PDFs are not documents in the way developers want them to be documents. They are closer to rendering instructions, which is why PDF processing has hidden failure modes. Text may exist as positioned glyphs. Scanned pages may contain no text layer at all. Tables may be visual alignment rather than semantic rows and columns.

Trying to extract text directly from the PDF object model works for some files and fails silently for others. The worst failure mode is returning partial text that looks correct until a user notices the missing page.

Our PDF path treats pages visually. It flattens annotations, renders pages to images, and runs OCR over those rendered pages. That gives scanned and digital PDFs the same processing path. It is slower than text extraction when a perfect text layer exists, but it avoids the split-brain behavior where some pages come from text objects and others come from OCR.

The output is markdown. Tables, headings, and visible text are represented in the format the downstream APIs expect.

Images: OCR Plus Description

Images are not just OCR problems.

An image can contain text, but it can also contain visual information that matters: a chart, a product photo, a diagram, a handwritten note, a screenshot, a stamp, a signature block. OCR only captures visible text. It does not explain what the image depicts.

That is why image ingestion runs two tasks:

OCR extracts text visible in the image.
Vision description produces a plain-language description of the visual content.

For Document to Markdown, image responses can include both markdown and description. For Document Extraction, the image is formatted as markdown that contains the OCR output and the description, so the extraction model can reason over both.

This matters for agent and RAG workflows. A screenshot with a pricing table should contribute the visible text. A product photo should contribute a description. A chart should at least be represented as visual context instead of disappearing because it had no OCR text.

DOCX and Office Files: Preserve Structure, Then Enrich Embedded Images

Office files are containers. A DOCX file is a ZIP of XML documents, relationships, styles, media files, and metadata. The text is not the whole story.

The DOCX path parses the document structure into markdown: headings, paragraphs, lists, tables, footnotes, and formatting where it affects meaning. When the parser finds embedded images, it extracts those image files and runs them through the same image OCR and vision path used for standalone images.

That means a DOCX with a pasted screenshot does not lose the screenshot. The markdown can include a text representation of the embedded image alongside the surrounding document content.
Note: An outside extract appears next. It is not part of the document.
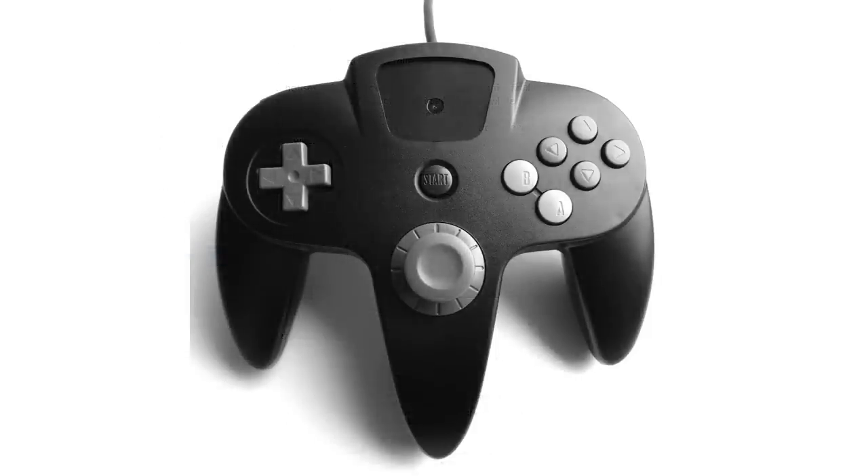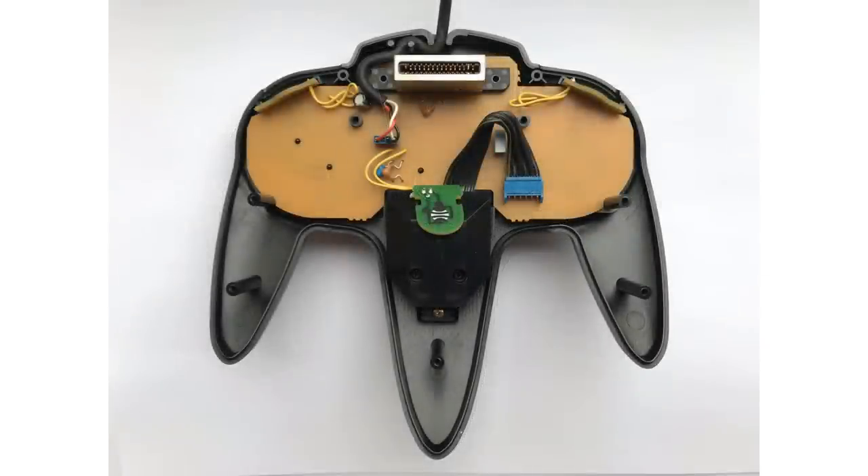There are just a ton of differences here. For starters, the analog stick looks incredibly better than the one we got in the N64 production model, which is known for shredding hands in Mario Party. And it's got more of a black, white, and gray aesthetic to the entire device, which makes it look really modern and sleek despite being decades old at this point. Beyond that, he also posted a teardown of the controller, showing differences between this prototype and the controller that we all know and love.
PPTX follows the same principle at the slide level: extract the meaningful slide content and normalize it to markdown. XLSX and XLS files become markdown tables grouped by sheet. The goal is not to recreate the original file. The goal is to preserve the information that downstream LLM workflows need.

Spreadsheets: Tables Are the Document

Spreadsheets are easy to underestimate because they look structured already. The problem is that spreadsheet structure is not the same as text structure.

Rows and columns need to remain aligned. Sheet names matter. Headers matter. Empty cells can mean "same as above," "not applicable," or "missing data" depending on context. Formatting can imply currency, percentages, or dates.

The spreadsheet ingestor reads workbook sheets and emits markdown tables. Each sheet becomes a section with a heading, followed by a table. That gives RAG and extraction workflows a representation where row-column relationships survive the conversion.

For extraction, this also means the schema extractor can see the spreadsheet in the same source list as PDFs, emails, images, or website pages. A workflow can extract a vendor name from an email body and line items from an attached spreadsheet without switching APIs.

Emails: Containers with Their Own Content

Emails are the clearest example of why ingestion cannot stop at "extract text from one file."

An EML or MSG file has headers, body content, possibly HTML, possibly plain text, and possibly attachments. The body might say "See attached invoice." The attached invoice contains the data. If your pipeline only reads the email body, it misses the document. If it only reads the attachment, it loses the sender, subject, and date.

The email ingestors split the work:

Parse headers into structured markdown.
Extract the body, converting HTML to markdown when needed.
Extract attachments as raw files.
Parse and ingest each attachment through the same pipeline.
Return the email markdown and the nested files.

For Document to Markdown, the response can include nested_files, so callers can see the email content and each ingested attachment separately.

For Document Extraction, nested attachment markdown is appended to the email markdown. The extraction model sees one combined context: headers, body, attachment list, and attachment contents. That is the behavior you want for questions like "What is the total amount from the invoice this customer sent?" The answer might be in the PDF, but the customer identity might be in the email header.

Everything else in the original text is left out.